The attention-based models in recent neural networks that mimic the human visual system process have significantly improved on computer vision tasks. The main idea of the attention mechanism in neural networks is to allow the network to concentrate on the maximum significant parts and then weaken or enhance a large amount of the information selected. For instance, Hu et al. [54] applied a squeeze and excitation mechanism (SENet). The squeezing process compresses the feature by applying global average pooling, and the excitation mechanism obtains the weighted feature maps by applying two fully connected layers. This process significantly increases the precision of image classification models.

Moreover, Woo et al. [55] proposed the convolutional block attention Module (CBAM) model, which expanded SENet from a one-dimensional channel to a two-dimensional channel and combined the weighted feature maps of both the average and max-average feature maps. Liu et al. [18] designed a convolution and bidirectional long short-term memory (LSTM) and used a local and global pixel-wise attention mechanism, expanding the receptive field to mitigate errors. Few methods, such as [18,42,56], have used the attention mechanisms for SOD. However, our approach differs in that previous methods have typically utilized a single-attention design. Our approach follows a constrained module expansion according to the inputs received. The subsampled attentional branches independently observe the saliency importance of each object sub-region and then integrate them according to the guidance of contextual and contour-based information using residual connections.

2.5. Contour-Aware Modules

Recently, some studies have attempted to exploit additional boundary information by adopting contour labels for saliency detection to produce clear boundary saliency maps. In [45], Luo et al. used an additional intersection over union (IOU)-based edge loss to further define the boundaries of the predicted saliency maps directly. In [57], the authors combined multi-level convolutional features following recurrent and edge-based information guidance. Guan et al. [52] exploited the fine-tuning of the holistically nested edge detection (HED) [58] network for edge detection and integrated the complementary information with the saliency detection stream to predict the boundaries of salient objects. Zhao et al. [25] trained salient edge features by exploiting the IOU loss for salient object detection tasks. Wang et al. [26] also exploited edge-based features to refine the boundaries of saliency maps. Most existing methods have used boundary information to enhance accuracy, and few studies have focused on refining edge features. Unlike existing methods, we use a unique light-weight module to simultaneously extract high-level and contour-based information using dense short connections. The integrated information is split into two branches with channel- and spatial-wise attentions with large asymmetrical kernels to guide the model towards more precise and accurate saliency maps.

3. Proposed Method

This section provides an overview of AWANet, which comprises three types of sub-modules: DFEUs, CFIUs, and CSRUs. Figure 2 shows the proposed method’s structure.

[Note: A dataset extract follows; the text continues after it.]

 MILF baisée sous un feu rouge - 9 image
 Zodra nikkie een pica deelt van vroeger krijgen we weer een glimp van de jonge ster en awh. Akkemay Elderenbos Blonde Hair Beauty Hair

Figure 2. Overview of the proposed AWANet: attentive-aware wide-kernels asymmetrical network with blended contour information for salient object detection.

3.1. Overview of Network Architecture

Our model is based on the FCN encoder–decoder architecture with a pretrained VGG-16 or ResNet-50 backbone network. We first remove the last global average-pooling layer and fully connected layers of the backbones to achieve the saliency detection tasks. The input image dimension is reduced when propagated from the shallower layers to the deeper layers in the backbone. Therefore, feature maps at the last level of the backbone are subsampled 32 times as the input image. The feature maps of each backbone level, that is,

n = 2, 3, \dots 5

, contain a spatial size of

H / 2^{n} \times W / 2^{n}

. The backbone extracts basic multi-level features and abstractions. The SOD images have significant variations in scale and locations; thus, the simple backbone network cannot handle these complexities with a cluttered background. Therefore, the DFEU is applied at different stages to boost the intra-layer capabilities and overcome gridding concerns caused by sparse connections by adopting wide and dense receptive fields. Then, at each step, the unit CFIU collects contextual features following the DFEU and contour-based information via short connections to avoid the dilution effect of low- and high-level features during bottom-up and top-down propagation. The sub-sampled constrained-wise attentional modules with wide range asymmetrical kernels enforces the model to note the object’s sub-regions importance. To further refine the saliency maps for perplexing and challenging scenarios, the CSRU is adopted in the same manner as the CFIUs. The CSRU extracts the high- and low-level contour-based information and then splits the integrated features by adopting channel and spatial-wise attention to generate more appropriate saliency maps with rigorous boundaries for complicated scenarios.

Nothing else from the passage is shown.